A reserve officer at the Orlando Police Department was terminated on Monday after arresting two 6-year-old children last week without proper approval, according to Orlando Chief Rolon.
6-year-old children, one boy and one girl, are facing charges of battery misconduct but will not be prosecuted, Aramis Ayla, the attorney general who serves Orange County, Florida, told a news conference Monday.
The State's Attorney's Office never intended to prosecute the children, but could not dismiss the girl's allegations until Monday, Ms Ayala said. The boy's charges will be dismissed after he has been assigned a case number, she added.
Authorities did not release the children's names, but Maralin Kirkland told local WKMG television station that her 6-year-old granddaughter Kaya was arrested after having an intrigue in which she kicked a member of the school staff.
"I was sick in my stomach when I heard that," said Chief Rolon. "We couldn't realize the idea of putting a 6-year-old in the back of a police car."
Dennis Turner works as a school resource officer at Lucy and Emma Nixon Academy, a charter school that caters to kindergarten students class when he arrested the children on separate incidents on Thursday. He has been assigned to the reserve officer program, which consists of retired officers, The Orlando Sentinel reported.
Officer Turner arrests the children, despite the principal's request not to do so, school lawyer Sean Arnold said in a statement.

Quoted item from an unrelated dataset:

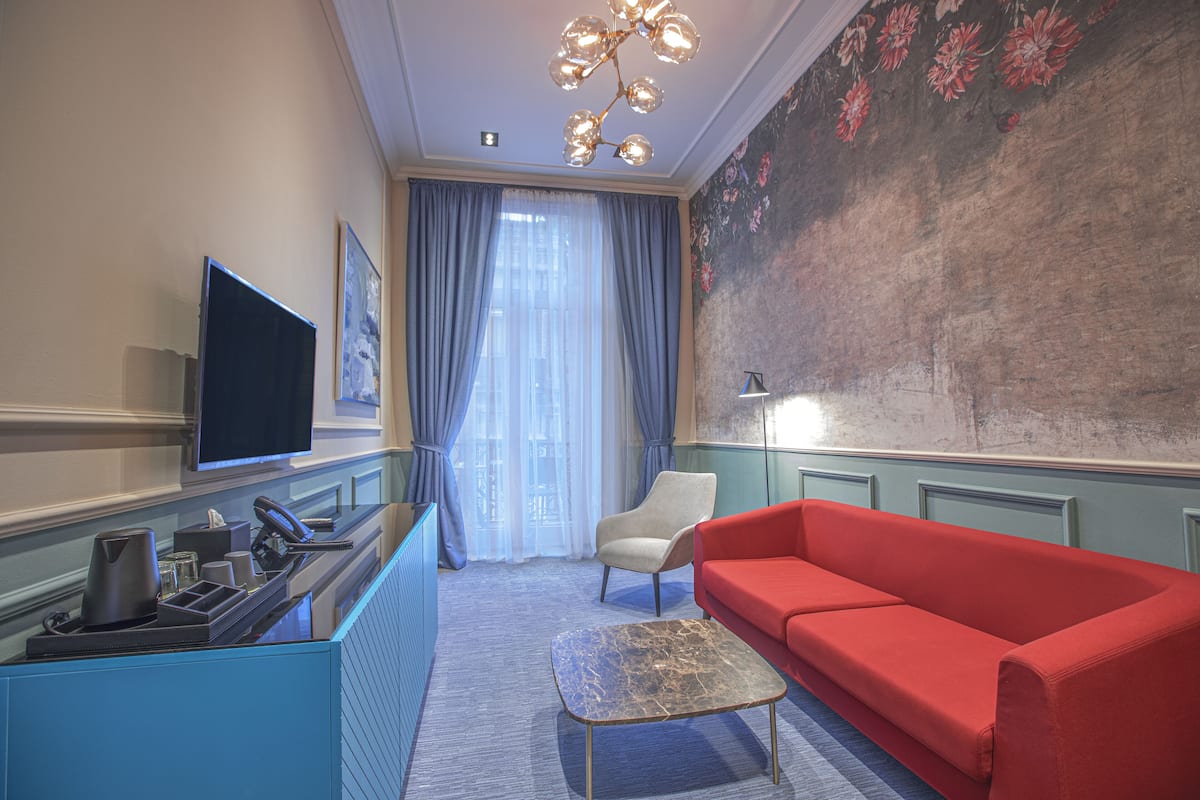 A hotel room with a red sofa, a coffee table, a TV, a desk with a telephone and a lamp, and a large floral mural on the wall.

The department's policy requires officers to obtain approval from a supervisory authority in the arrest of anyone under the age of 12, which Officer Turner failed to do in both arrests.
Police officers said Sunday that Officer Turner was removed immediately after the two arrests, ie. pending an investigation into his actions. Officer Turner served in the police force for 23 years and retired in June 2018 according to the department .
He was charged with aggravated child abuse in 1998 in connection with his 7-year-old son, i. The Orlando Sentinel has announced. He was suspended pending the outcome of the investigation, The Sentinel reported, but the outcome of the case was unclear on Monday.
In 2016, Officer Turner was reprimanded for using excessive force after stunning a man five times with a Taser during an arrest, the newspaper reported.
Officer Turner did not respond to calls seeking comment on Monday.
At a news conference Monday, Chief Rolon said he had not spoken directly with Officer Turner, but that the investigation into his behavior would continue to unfold despite his termination.
The police chief acknowledged that the arrests of children had damaged trust between the community and its staff.
"On behalf of myself and the entire Orlando Police Department, I apologize to the children involved and their families," he said.
same. Ayala, the state's attorney, said this was not the first time she had seen a 6-year-old arrested. Florida leads the nation in juvenile arrests, and Orange County leads the state, she says.
"This is not a reflection of children, but rather a reflection of a broken system that needs reform," Ms Ayala said.
Walter Gilliam, Professor of Child Psychiatry and Psychology at the Yale University Center for the Study of Children, said the idea of arresting every 6-year-old child was ridiculous.
"In this case, someone made the decision to contact an employee instead of a guidance counselor, social worker or school psychologist," said Dr. Gilliam. "Children are seen as a crime rather than clearly in need of support."
When children are dropped out of school in the early elementary years, they have poor experience with school afterwards, said Dr. Gilliam.
"The purpose of schools is to help children," he adds, "and if we expel children who need help, why are we here first?"